10. In het licht van het bovenstaande acht het hof het door de kort geding-rechter aan [geïntimeerde sub 1] en [geïntimeerde sub 3] opgelegde verbod, ongeacht de juistheid van de door de Dierenbescherming gestelde feiten, te algemeen en verstrekkend en daarmee onjuist. Voor zover een verbod op zijn plaats was, had de toewijzing daarvan in kort geding beperkt moeten worden tot een verbod aan [geïntimeerde sub 1] en [geïntimeerde sub 3] tot het verrichten van concrete onrechtmatige handelingen. Dit betekent dat ook dit hof, oordelende als bodemrechter, van oordeel is dat het door de kort geding-rechter gegeven verbod niet juist was, zodat de (dreiging met) executie daarvan door de betekening van dit vonnis door de Dierenbescherming onrechtmatig moet worden geacht.
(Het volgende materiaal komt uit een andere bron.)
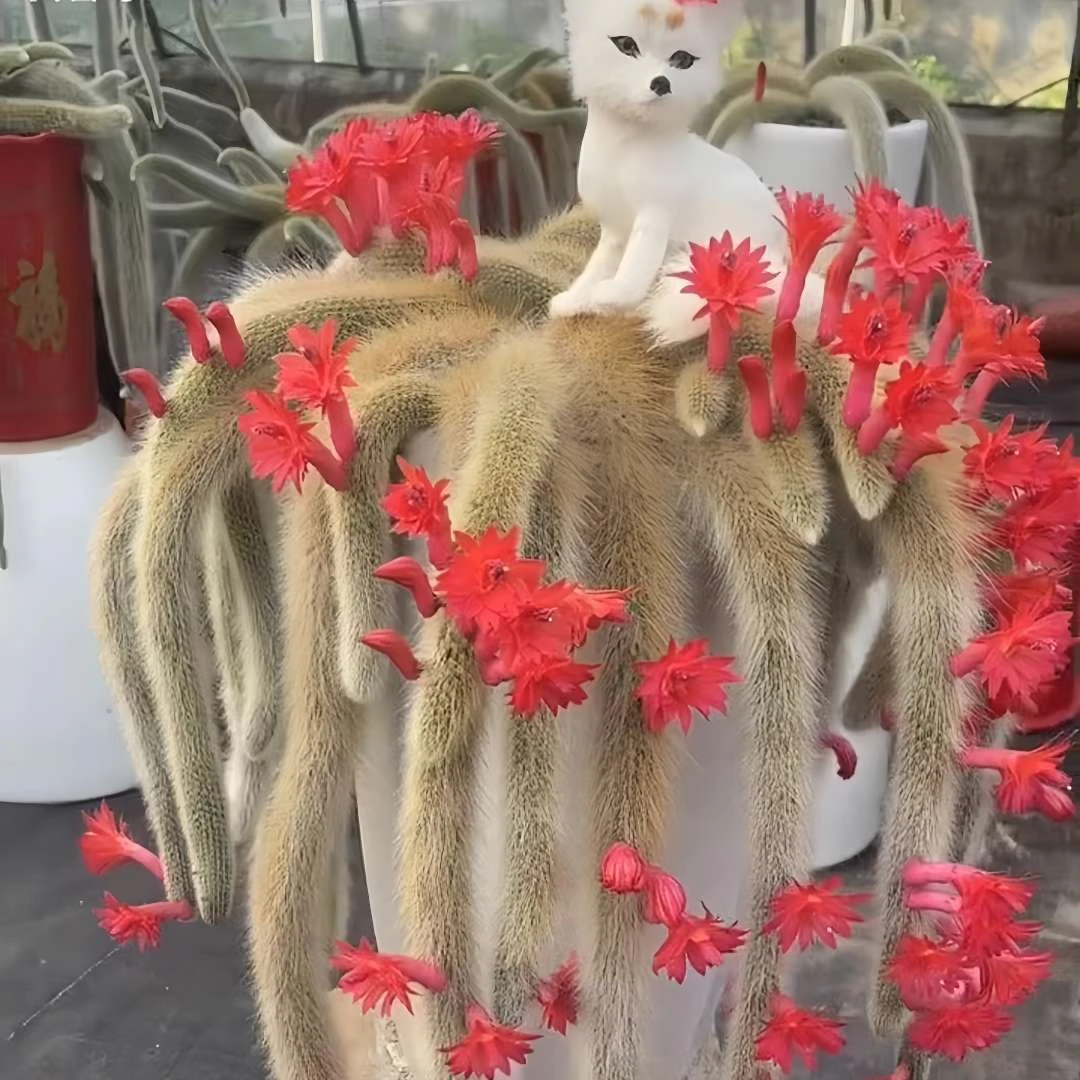 【无根九尾狐】仙人球绿植盆栽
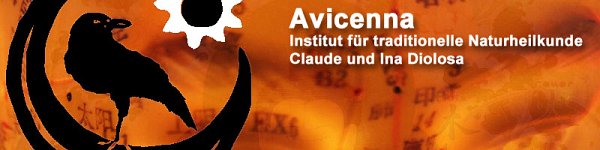 Avicenna-Institut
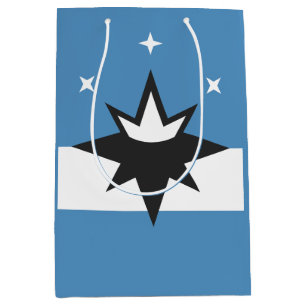 Flagga Springfield, Missouri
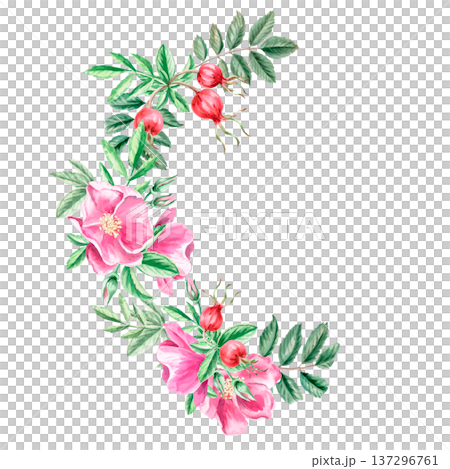 A semicircular branch with rose hips and flowers. Isolated watercolor illustration for herbal tea-themed designs, culinary and nature-related branding, environmental campaigns, educational materials. A semicircular branch with rose hips and flowers. Isolated watercolor illustration for herbal tea-themed designs, culinary and nature-related branding, environmental campaigns, educational materials. 137296761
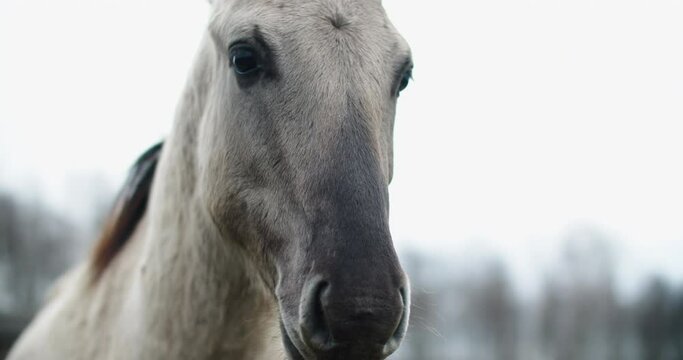 Wild tarpans walk the field in autumn. Against the background of the forest and sky. High quality 4k footage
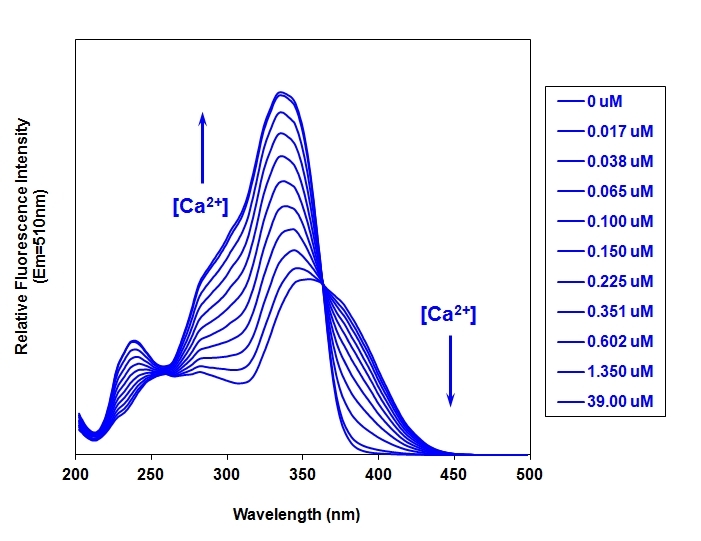 Fluorescence excitation spectra of Fura-2 in solutions containing 0 to 39uM free Ca2+.
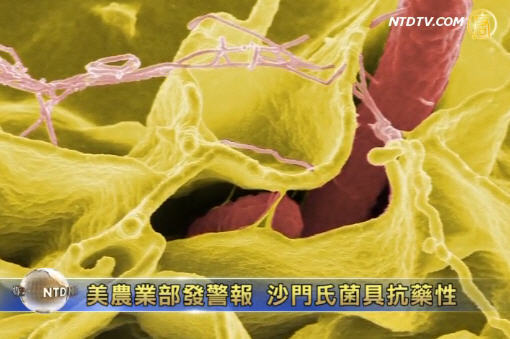 美農業部發警報 沙門氏菌具抗藥性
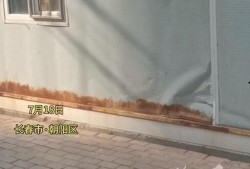 長春核酸爆料最新消息,揭秘病毒檢測背后的故事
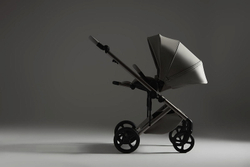 Детская коляска Anex Eli 2 в 1 без рюкзака Santal El-06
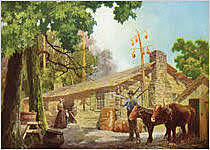 Hardy lvy was first permanent settler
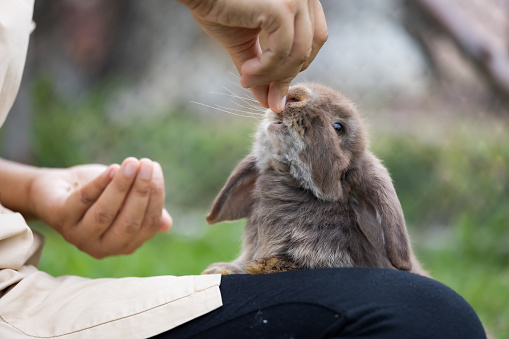 Cute rabbit eating pellet food from owner woman hand. Hungry rabbit eating food in the meadow. Owner feeding food to her rabbits. Friendship with easter bunny.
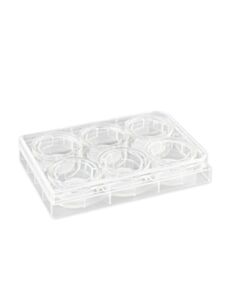 Corning 24 mm Transwell® with 04 µm Pore Polycarbonate Membrane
De Dierenbescherming is aansprakelijk voor de door [geïntimeerde sub 1] en [geïntimeerde sub 3] dientengevolge geleden schade.
11. Het beroep op eigen schuld door de Dierenbescherming wordt verworpen. De schade die [geïntimeerde sub 1] en [geïntimeerde sub 3] hebben geleden als gevolg van de onrechtmatige executie van het kort geding-vonnis, is niet mede een gevolg van een omstandigheid die aan [geïntimeerde sub 1] en [geïntimeerde sub 3] kan worden toegerekend.
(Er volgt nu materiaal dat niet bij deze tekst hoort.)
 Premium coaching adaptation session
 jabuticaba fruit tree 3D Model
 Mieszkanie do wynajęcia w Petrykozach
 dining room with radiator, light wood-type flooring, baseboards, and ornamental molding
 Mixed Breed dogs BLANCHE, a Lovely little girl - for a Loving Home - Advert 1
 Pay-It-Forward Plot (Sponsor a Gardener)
De (on)rechtmatigheid van de uitlatingen van de Dierenbescherming in de media
12. Het hof stelt voorop dat [geïntimeerden] weliswaar vanaf 2006 negatief in de media zijn gekomen, maar dat tussen partijen vast staat dat dit niet uitsluitend het gevolg is geweest van mededelingen van de zijde van de Dierenbescherming. Vast staat dat onder meer sprake is geweest van meerdere krantenartikelen in het Noordhollands Dagblad vanaf maart 2006, van uitzendingen van de consumentenprogramma’s Kassa en Radar, en van meldingen en waarschuwingen door willekeurige derden op internetfora. Voorts stelt het hof vast dat uit de stellingen van de Dierenbescherming en het grote aantal door haar overgelegde producties blijkt dat bij de Dierenbescherming vanaf 2006 veel ernstige klachten zijn binnengekomen van kopers over de slechte gezondheidstoestand van een door hen bij [geïntimeerde sub 1]/[geïntimeerde sub 3] gekochte pup.
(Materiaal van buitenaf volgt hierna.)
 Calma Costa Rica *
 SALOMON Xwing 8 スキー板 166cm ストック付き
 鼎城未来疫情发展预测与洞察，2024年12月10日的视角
13. Dat één en ander voor de Dierenbescherming aanleiding is geweest om nader onderzoek te doen en om zich vervolgens zeer kritisch over het handelen van [geïntimeerde sub 1] en [geïntimeerde sub 3] uit te laten, ook in de media, acht het hof niet onrechtmatig. Een organisatie als de Dierenbescherming, die opkomt voor het dierenwelzijn, heeft mede als taak om mogelijke misstanden op dit gebied aan de kaak te stellen. [geïntimeerden] hebben niet gemotiveerd en onderbouwd gesteld dat de uitlatingen van de Dierenbescherming, bijvoorbeeld over het aantal en de ernst van de bij de Dierenbescherming binnengekomen klachten en het (hoge) sterftecijfer onder bij [geïntimeerde sub 1] en [geïntimeerde sub 3] gekochte pups, feitelijk onjuist waren. Deze uitlatingen waren bovendien gebaseerd op een naar het oordeel van het hof voldoende degelijk onderzoek van de zijde van de Dierenbescherming en vinden in voldoende mate steun in het feitenmateriaal. Wat betreft het gebruik door de Dierenbescherming van de term “malafide hondenhandel” in dit verband is het hof van oordeel dat deze term, in het licht van de grote hoeveelheid klachten die bij de Dierenbescherming binnen zijn gekomen en de ernst daarvan, niet onnodig grievend, beledigend of anderszins onrechtmatig kan worden geacht. Dat de klachten mogelijk, zoals [geïntimeerden] stellen, voor meerdere interpretatie vatbaar zijn, is onvoldoende voor een ander oordeel.
14. Uit het bovenstaande volgt dat naar het oordeel van het hof jegens [geïntimeerden] geen sprake is geweest van onrechtmatige uitlatingen in de media of anderszins van de zijde van de Dierenbescherming. Dit brengt mee dat [geïntimeerden] op dit punt geen schadevergoeding kunnen vorderen van de Dierenbescherming.
De schade als gevolg van de onrechtmatige executie van het kort geding-vonnis
15. Zoals het hof hierboven onder 10. heeft overwogen, hebben [geïntimeerde sub 1] en [geïntimeerde sub 3] recht op vergoeding van de schade die zij hebben geleden als gevolg van de onrechtmatige executie van het kort geding-vonnis door de Dierenbescherming. Het hof stelt vast dat de omvang van de inkomensschade van [geïntimeerde sub 3] niet nauwkeurig kan worden vastgesteld, en zal deze daarom schatten op de voet van artikel 6:97 BW. Daarbij wordt het volgende overwogen.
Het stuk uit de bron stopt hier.